Starting at the first line, copy the data below through to the end, exactly.

┌──

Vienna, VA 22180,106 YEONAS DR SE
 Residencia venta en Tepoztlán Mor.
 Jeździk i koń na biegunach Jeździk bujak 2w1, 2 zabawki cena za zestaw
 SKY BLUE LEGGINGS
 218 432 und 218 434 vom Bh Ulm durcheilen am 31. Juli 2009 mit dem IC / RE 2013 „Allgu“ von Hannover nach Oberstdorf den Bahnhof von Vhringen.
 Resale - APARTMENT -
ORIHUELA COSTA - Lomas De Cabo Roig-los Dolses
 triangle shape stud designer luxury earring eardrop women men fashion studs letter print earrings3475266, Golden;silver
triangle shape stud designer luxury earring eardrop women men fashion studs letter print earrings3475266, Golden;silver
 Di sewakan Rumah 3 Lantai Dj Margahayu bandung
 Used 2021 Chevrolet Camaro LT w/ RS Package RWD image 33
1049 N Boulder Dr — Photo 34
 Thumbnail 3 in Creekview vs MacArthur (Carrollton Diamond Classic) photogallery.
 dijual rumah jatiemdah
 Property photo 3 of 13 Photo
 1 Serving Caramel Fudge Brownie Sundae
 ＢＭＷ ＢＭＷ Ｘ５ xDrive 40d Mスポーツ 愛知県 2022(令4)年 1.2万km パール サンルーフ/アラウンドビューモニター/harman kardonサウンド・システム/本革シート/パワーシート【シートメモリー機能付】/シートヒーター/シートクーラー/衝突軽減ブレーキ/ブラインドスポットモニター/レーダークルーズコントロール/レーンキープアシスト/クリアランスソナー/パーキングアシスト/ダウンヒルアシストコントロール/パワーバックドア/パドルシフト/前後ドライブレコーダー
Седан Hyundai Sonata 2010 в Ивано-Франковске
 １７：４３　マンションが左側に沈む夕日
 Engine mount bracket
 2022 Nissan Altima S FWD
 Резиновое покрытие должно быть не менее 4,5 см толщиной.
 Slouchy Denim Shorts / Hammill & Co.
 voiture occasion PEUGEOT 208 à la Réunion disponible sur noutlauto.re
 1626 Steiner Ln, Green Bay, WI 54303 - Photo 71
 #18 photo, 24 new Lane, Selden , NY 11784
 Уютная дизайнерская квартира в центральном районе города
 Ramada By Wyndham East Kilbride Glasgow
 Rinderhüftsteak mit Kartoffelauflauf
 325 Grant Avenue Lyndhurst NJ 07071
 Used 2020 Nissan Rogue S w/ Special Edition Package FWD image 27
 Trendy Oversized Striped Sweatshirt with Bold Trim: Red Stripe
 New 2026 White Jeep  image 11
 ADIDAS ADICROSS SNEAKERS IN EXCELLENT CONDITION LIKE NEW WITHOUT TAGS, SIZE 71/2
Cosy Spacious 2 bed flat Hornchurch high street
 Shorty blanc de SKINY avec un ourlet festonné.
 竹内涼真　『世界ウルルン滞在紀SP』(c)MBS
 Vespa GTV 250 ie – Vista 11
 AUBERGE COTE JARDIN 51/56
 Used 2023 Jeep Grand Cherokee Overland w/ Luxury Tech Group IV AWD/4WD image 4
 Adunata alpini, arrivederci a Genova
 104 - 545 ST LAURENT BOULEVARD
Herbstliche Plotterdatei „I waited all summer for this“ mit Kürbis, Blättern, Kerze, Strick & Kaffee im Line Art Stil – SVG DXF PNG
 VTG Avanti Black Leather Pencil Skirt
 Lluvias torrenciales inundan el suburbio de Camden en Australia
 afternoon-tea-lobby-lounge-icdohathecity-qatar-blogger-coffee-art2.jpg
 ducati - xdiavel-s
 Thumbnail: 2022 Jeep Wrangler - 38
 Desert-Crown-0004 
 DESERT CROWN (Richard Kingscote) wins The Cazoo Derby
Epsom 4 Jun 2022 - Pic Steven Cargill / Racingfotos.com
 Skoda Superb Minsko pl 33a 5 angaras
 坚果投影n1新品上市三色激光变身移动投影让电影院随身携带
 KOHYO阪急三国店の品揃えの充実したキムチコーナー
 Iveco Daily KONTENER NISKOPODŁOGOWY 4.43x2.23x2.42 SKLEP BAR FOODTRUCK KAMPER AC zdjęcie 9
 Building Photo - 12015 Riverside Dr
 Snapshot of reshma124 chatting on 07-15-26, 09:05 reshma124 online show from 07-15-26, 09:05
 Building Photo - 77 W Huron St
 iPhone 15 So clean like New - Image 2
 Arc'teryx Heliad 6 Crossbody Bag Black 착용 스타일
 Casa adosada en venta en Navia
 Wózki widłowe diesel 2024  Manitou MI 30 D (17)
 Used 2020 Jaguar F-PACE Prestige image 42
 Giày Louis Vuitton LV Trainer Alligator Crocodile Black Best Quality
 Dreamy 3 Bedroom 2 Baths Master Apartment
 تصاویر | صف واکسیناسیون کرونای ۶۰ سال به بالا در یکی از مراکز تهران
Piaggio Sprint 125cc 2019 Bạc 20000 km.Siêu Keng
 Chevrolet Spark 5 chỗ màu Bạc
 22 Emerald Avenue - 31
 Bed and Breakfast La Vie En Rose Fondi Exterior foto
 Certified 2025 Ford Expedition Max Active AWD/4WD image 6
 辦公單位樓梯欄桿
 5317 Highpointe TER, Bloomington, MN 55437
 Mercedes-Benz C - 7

└──

- Exercise solution:
Vienna, VA 22180,106 YEONAS DR SE
 Residencia venta en Tepoztlán Mor.
 Jeździk i koń na biegunach Jeździk bujak 2w1, 2 zabawki cena za zestaw
 SKY BLUE LEGGINGS
 218 432 und 218 434 vom Bh Ulm durcheilen am 31. Juli 2009 mit dem IC / RE 2013 „Allgu“ von Hannover nach Oberstdorf den Bahnhof von Vhringen.
 Resale - APARTMENT -
ORIHUELA COSTA - Lomas De Cabo Roig-los Dolses
 triangle shape stud designer luxury earring eardrop women men fashion studs letter print earrings3475266, Golden;silver
triangle shape stud designer luxury earring eardrop women men fashion studs letter print earrings3475266, Golden;silver
 Di sewakan Rumah 3 Lantai Dj Margahayu bandung
 Used 2021 Chevrolet Camaro LT w/ RS Package RWD image 33
1049 N Boulder Dr — Photo 34
 Thumbnail 3 in Creekview vs MacArthur (Carrollton Diamond Classic) photogallery.
 dijual rumah jatiemdah
 Property photo 3 of 13 Photo
 1 Serving Caramel Fudge Brownie Sundae
 ＢＭＷ ＢＭＷ Ｘ５ xDrive 40d Mスポーツ 愛知県 2022(令4)年 1.2万km パール サンルーフ/アラウンドビューモニター/harman kardonサウンド・システム/本革シート/パワーシート【シートメモリー機能付】/シートヒーター/シートクーラー/衝突軽減ブレーキ/ブラインドスポットモニター/レーダークルーズコントロール/レーンキープアシスト/クリアランスソナー/パーキングアシスト/ダウンヒルアシストコントロール/パワーバックドア/パドルシフト/前後ドライブレコーダー
Седан Hyundai Sonata 2010 в Ивано-Франковске
 １７：４３　マンションが左側に沈む夕日
 Engine mount bracket
 2022 Nissan Altima S FWD
 Резиновое покрытие должно быть не менее 4,5 см толщиной.
 Slouchy Denim Shorts / Hammill & Co.
 voiture occasion PEUGEOT 208 à la Réunion disponible sur noutlauto.re
 1626 Steiner Ln, Green Bay, WI 54303 - Photo 71
 #18 photo, 24 new Lane, Selden , NY 11784
 Уютная дизайнерская квартира в центральном районе города
 Ramada By Wyndham East Kilbride Glasgow
 Rinderhüftsteak mit Kartoffelauflauf
 325 Grant Avenue Lyndhurst NJ 07071
 Used 2020 Nissan Rogue S w/ Special Edition Package FWD image 27
 Trendy Oversized Striped Sweatshirt with Bold Trim: Red Stripe
 New 2026 White Jeep  image 11
 ADIDAS ADICROSS SNEAKERS IN EXCELLENT CONDITION LIKE NEW WITHOUT TAGS, SIZE 71/2
Cosy Spacious 2 bed flat Hornchurch high street
 Shorty blanc de SKINY avec un ourlet festonné.
 竹内涼真　『世界ウルルン滞在紀SP』(c)MBS
 Vespa GTV 250 ie – Vista 11
 AUBERGE COTE JARDIN 51/56
 Used 2023 Jeep Grand Cherokee Overland w/ Luxury Tech Group IV AWD/4WD image 4
 Adunata alpini, arrivederci a Genova
 104 - 545 ST LAURENT BOULEVARD
Herbstliche Plotterdatei „I waited all summer for this“ mit Kürbis, Blättern, Kerze, Strick & Kaffee im Line Art Stil – SVG DXF PNG
 VTG Avanti Black Leather Pencil Skirt
 Lluvias torrenciales inundan el suburbio de Camden en Australia
 afternoon-tea-lobby-lounge-icdohathecity-qatar-blogger-coffee-art2.jpg
 ducati - xdiavel-s
 Thumbnail: 2022 Jeep Wrangler - 38
 Desert-Crown-0004 
 DESERT CROWN (Richard Kingscote) wins The Cazoo Derby
Epsom 4 Jun 2022 - Pic Steven Cargill / Racingfotos.com
 Skoda Superb Minsko pl 33a 5 angaras
 坚果投影n1新品上市三色激光变身移动投影让电影院随身携带
 KOHYO阪急三国店の品揃えの充実したキムチコーナー
 Iveco Daily KONTENER NISKOPODŁOGOWY 4.43x2.23x2.42 SKLEP BAR FOODTRUCK KAMPER AC zdjęcie 9
 Building Photo - 12015 Riverside Dr
 Snapshot of reshma124 chatting on 07-15-26, 09:05 reshma124 online show from 07-15-26, 09:05
 Building Photo - 77 W Huron St
 iPhone 15 So clean like New - Image 2
 Arc'teryx Heliad 6 Crossbody Bag Black 착용 스타일
 Casa adosada en venta en Navia
 Wózki widłowe diesel 2024  Manitou MI 30 D (17)
 Used 2020 Jaguar F-PACE Prestige image 42
 Giày Louis Vuitton LV Trainer Alligator Crocodile Black Best Quality
 Dreamy 3 Bedroom 2 Baths Master Apartment
 تصاویر | صف واکسیناسیون کرونای ۶۰ سال به بالا در یکی از مراکز تهران
Piaggio Sprint 125cc 2019 Bạc 20000 km.Siêu Keng
 Chevrolet Spark 5 chỗ màu Bạc
 22 Emerald Avenue - 31
 Bed and Breakfast La Vie En Rose Fondi Exterior foto
 Certified 2025 Ford Expedition Max Active AWD/4WD image 6
 辦公單位樓梯欄桿
 5317 Highpointe TER, Bloomington, MN 55437
 Mercedes-Benz C - 7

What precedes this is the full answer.